The bitterness of his words hurts, just as he intends. I feel the full force of his helplessness. The buried rage from all the times I overrode him, shut him out of the parenting process because I didn’t agree with his solutions, couldn’t let go of my own notions of what was best for my child. I’m the nurturer. Michael, the fixer. We were doomed from the start.

“Did … did they arrest Evan?” I ask, shifting a little in the bed, trying to get comfortable. I feel queasy, but that might be from the conversation as much as the aftereffects of the anesthesia.

“I’m sure an arrest warrant is only a matter of time. At the moment, however, given his fragile mental state, he’s been hospitalized.”

I stare at him in confusion. “Where?”

“Upstairs. Turns out this medical center has a locked-down pediatric psych ward on the eighth floor. Evan’s now a patient.”

My eyes widen.
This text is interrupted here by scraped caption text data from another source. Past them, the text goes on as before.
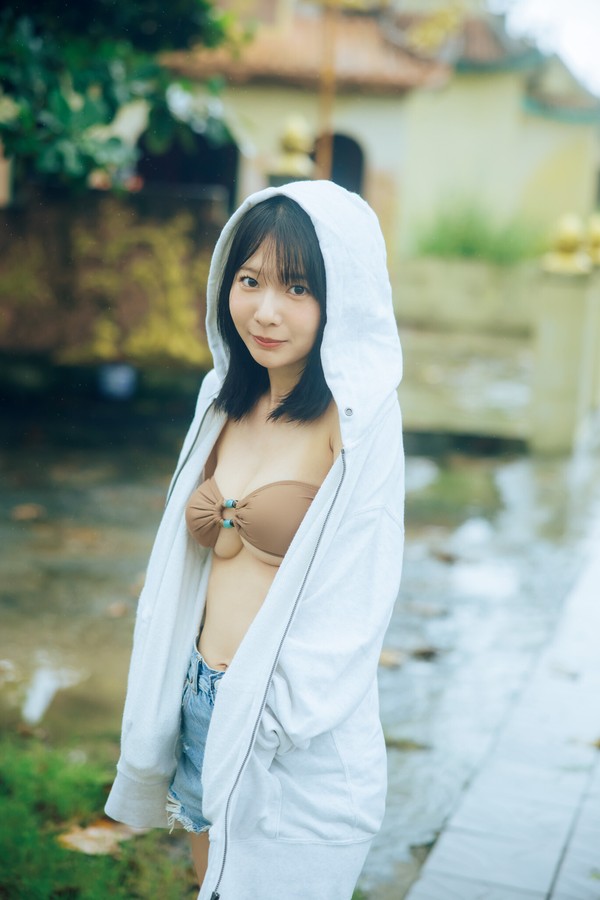 [图片4]-奥由依写真集《ゆいゆい》高清全本[133P]插图-猩猩智库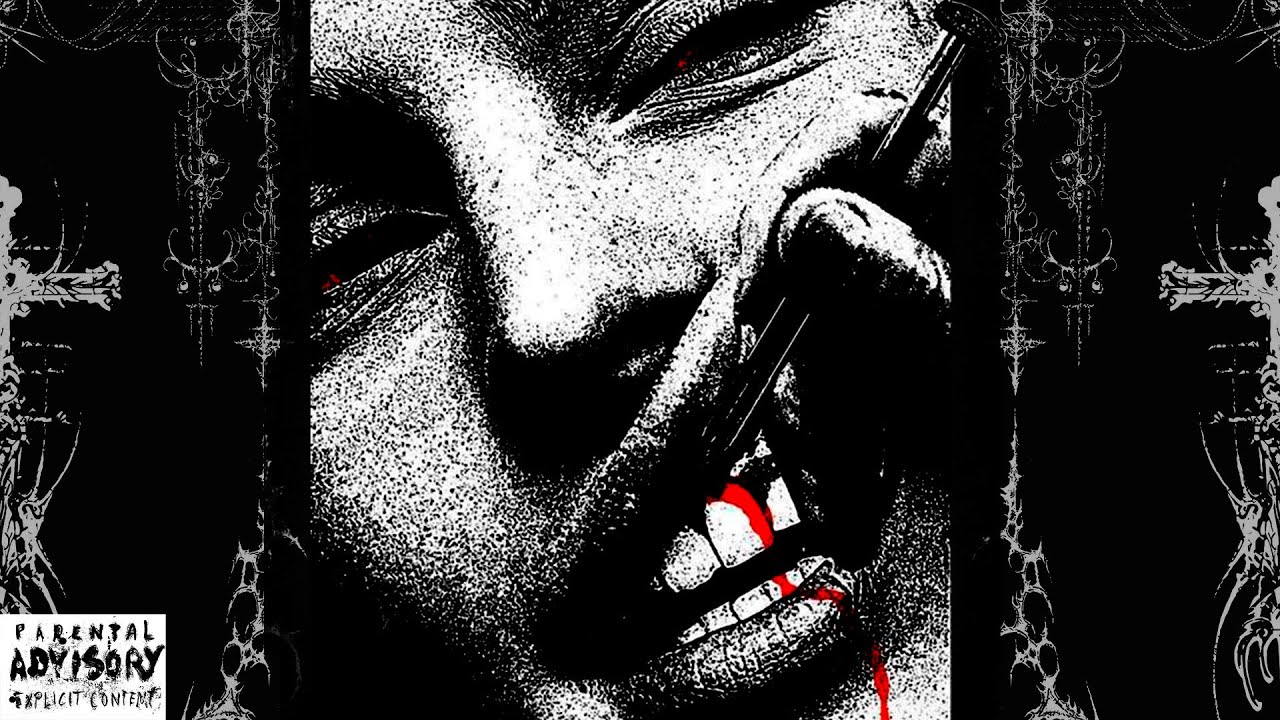 [FREE] GODHANDUSA x SXMPRA TYPE BEAT  - "GRAVE" | PHONK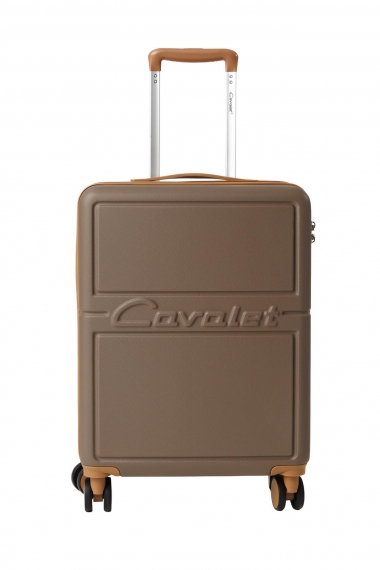 Cavalet Dalby - Kabinväska Mocha Brown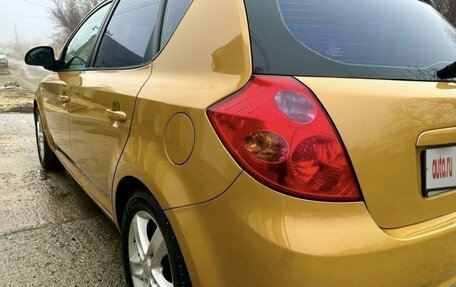 KIA cee'd I рестайлинг, 2009 год, 800 000 рублей, 13 фотография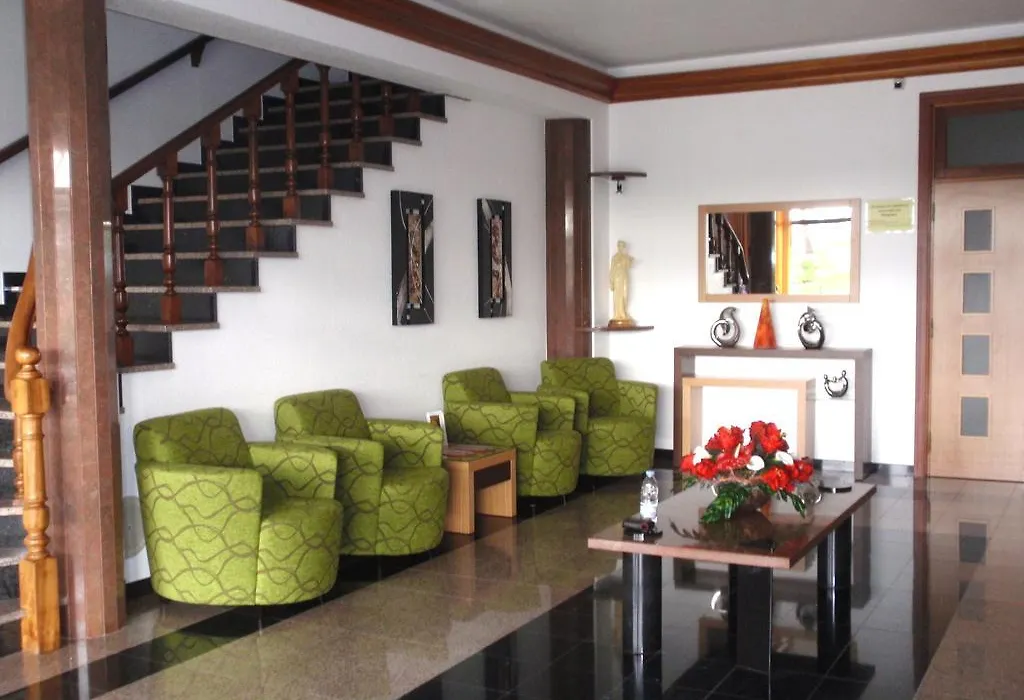 Hotel Ouro Verde-1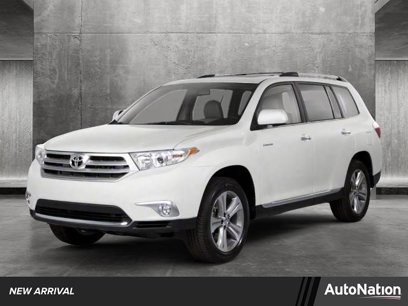 Used 2013 Toyota Highlander FWD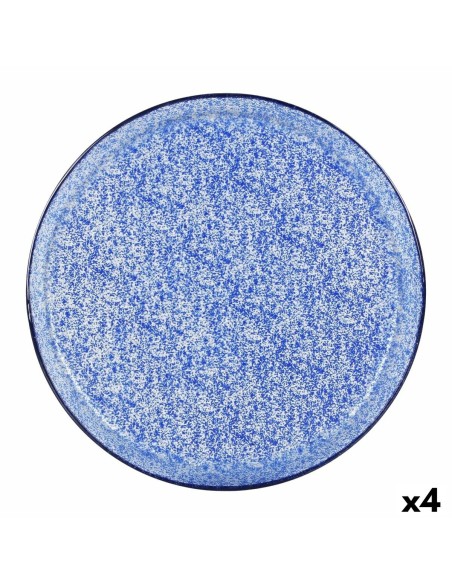 Assiette plate Samaritaine Ø 27 cm (6 Unités)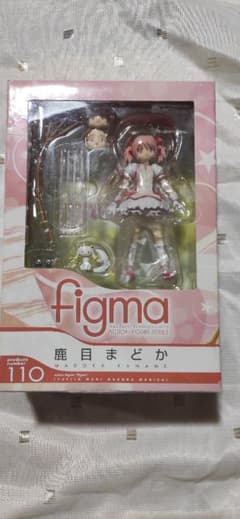 figma 魔法少女まどか☆マギカ 鹿目まどかのサムネイル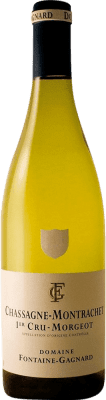 113,95 € Envoi gratuit | Vin Blanc Fontaine-Gagnard Morgeot 1er Premier Cru A.O.C. Chassagne-Montrachet France Chardonnay 75 cl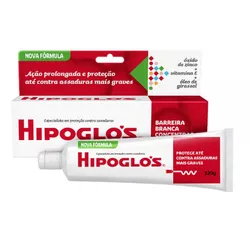 HIPOGLOS CREME ORIGINAL 120 G (5770) - PADRÃO FONZAR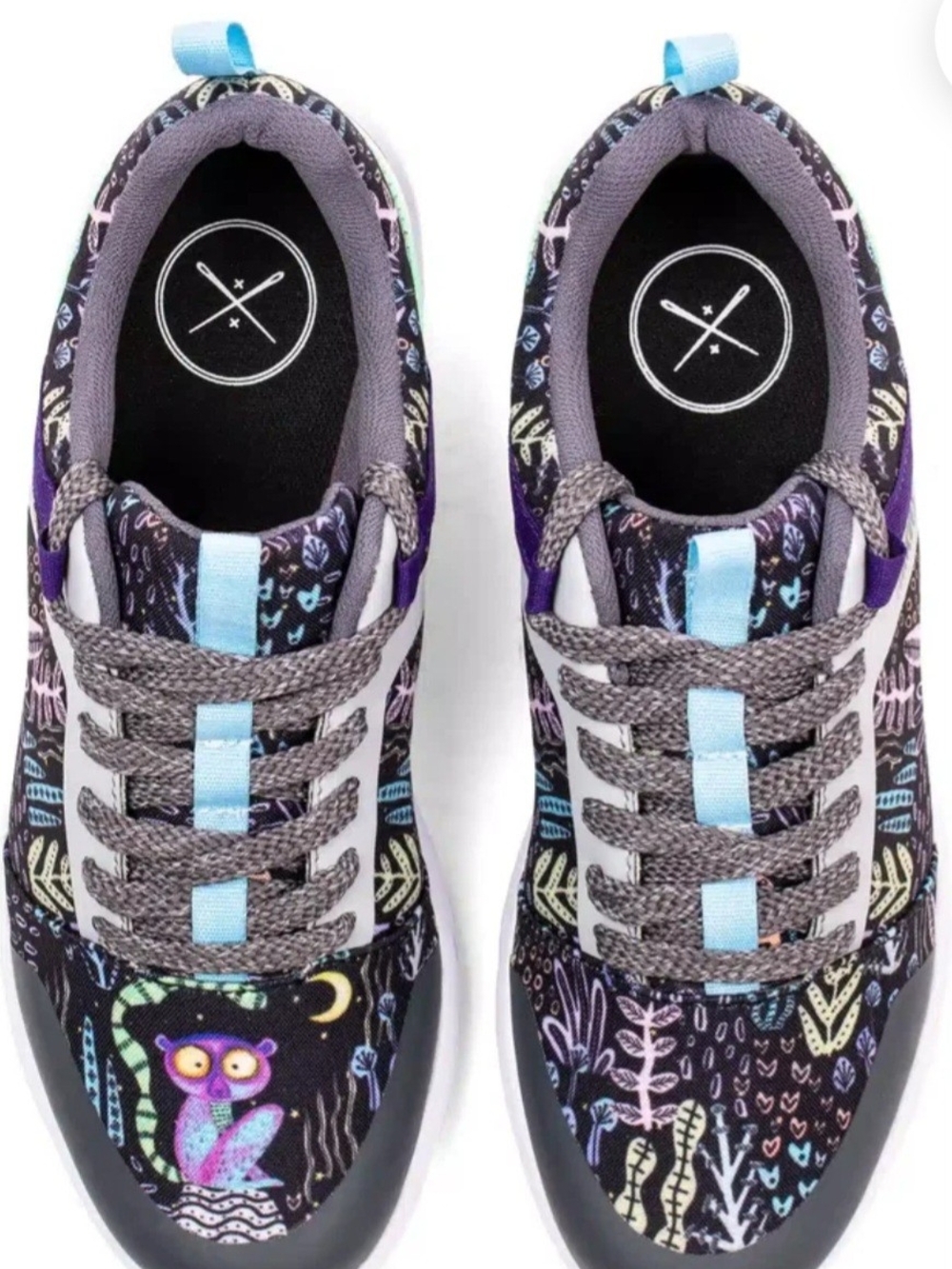 Inkkas Loomi Trainers NWT Women 7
Once again Michael holds up a hand. “I don’t want to hear it. I had Darren pull our divorce decree. I still have custodial rights to Evan and, given your current physical and emotional state, I’ll take you to court and demand full custody if I have to. Our son’s experienced a psychotic break. He’s upstairs and he’s gonna stay there.”

“He’s just a child—”

“Which is why it’s a pediatric ward.